• About this task: In the material below, the lines between the one holding "Here's a DIY" and the one holding "So liquid nitrogen is", inclusive, are to be set down word for word. Pictures stay out.

• Data for the task:
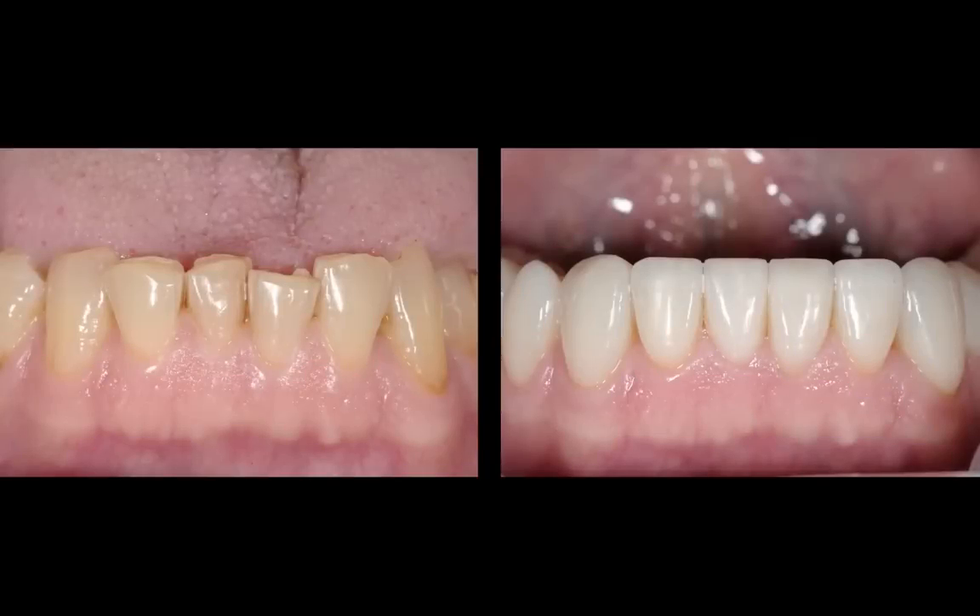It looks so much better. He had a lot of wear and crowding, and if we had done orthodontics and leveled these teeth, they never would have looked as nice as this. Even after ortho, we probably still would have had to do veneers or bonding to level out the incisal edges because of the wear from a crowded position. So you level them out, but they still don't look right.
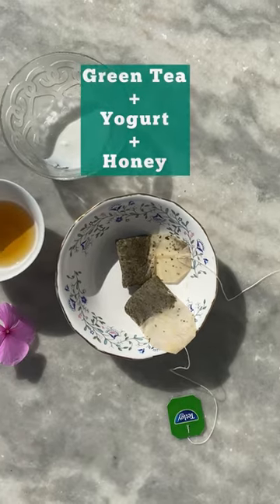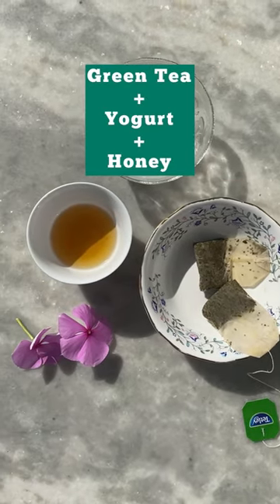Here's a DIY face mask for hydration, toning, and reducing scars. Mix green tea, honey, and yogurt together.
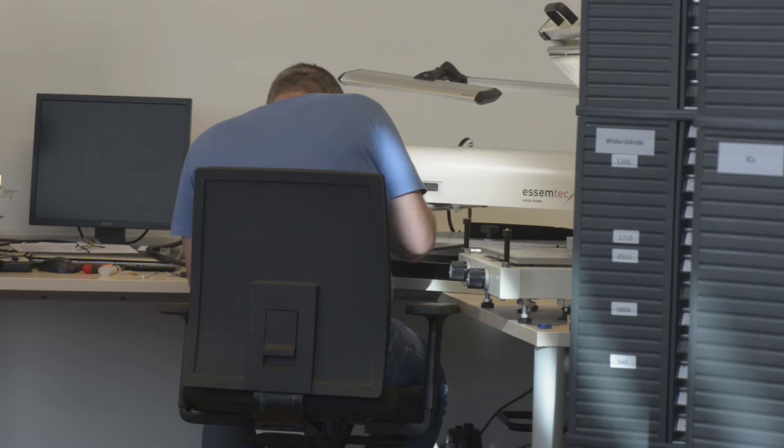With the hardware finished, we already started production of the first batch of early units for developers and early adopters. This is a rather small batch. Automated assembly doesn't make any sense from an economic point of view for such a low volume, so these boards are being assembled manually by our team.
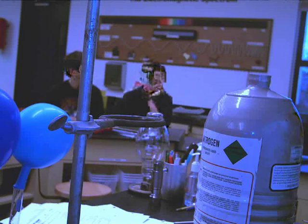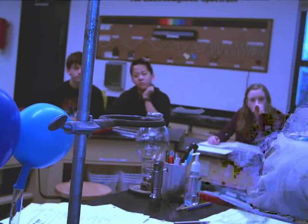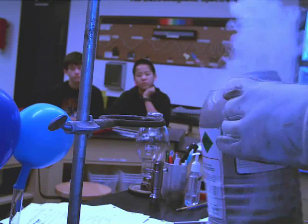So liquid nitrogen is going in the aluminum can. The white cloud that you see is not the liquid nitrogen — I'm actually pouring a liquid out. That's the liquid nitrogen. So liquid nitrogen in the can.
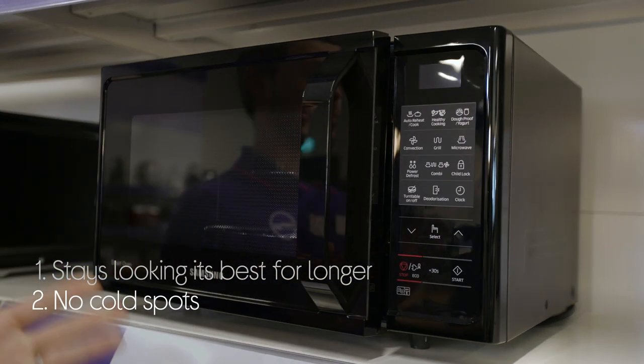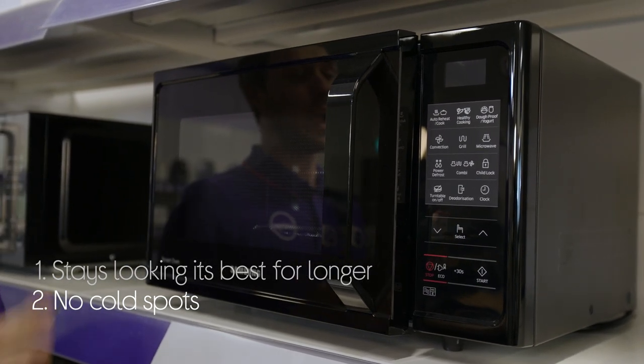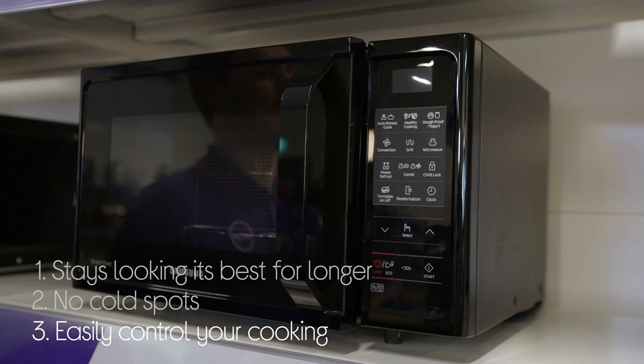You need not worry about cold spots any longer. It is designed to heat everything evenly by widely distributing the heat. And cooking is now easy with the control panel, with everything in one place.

• Response to this task:
Here's a DIY face mask for hydration, toning, and reducing scars. Mix green tea, honey, and yogurt together.
With the hardware finished, we already started production of the first batch of early units for developers and early adopters. This is a rather small batch. Automated assembly doesn't make any sense from an economic point of view for such a low volume, so these boards are being assembled manually by our team.
So liquid nitrogen is going in the aluminum can. The white cloud that you see is not the liquid nitrogen — I'm actually pouring a liquid out. That's the liquid nitrogen. So liquid nitrogen in the can.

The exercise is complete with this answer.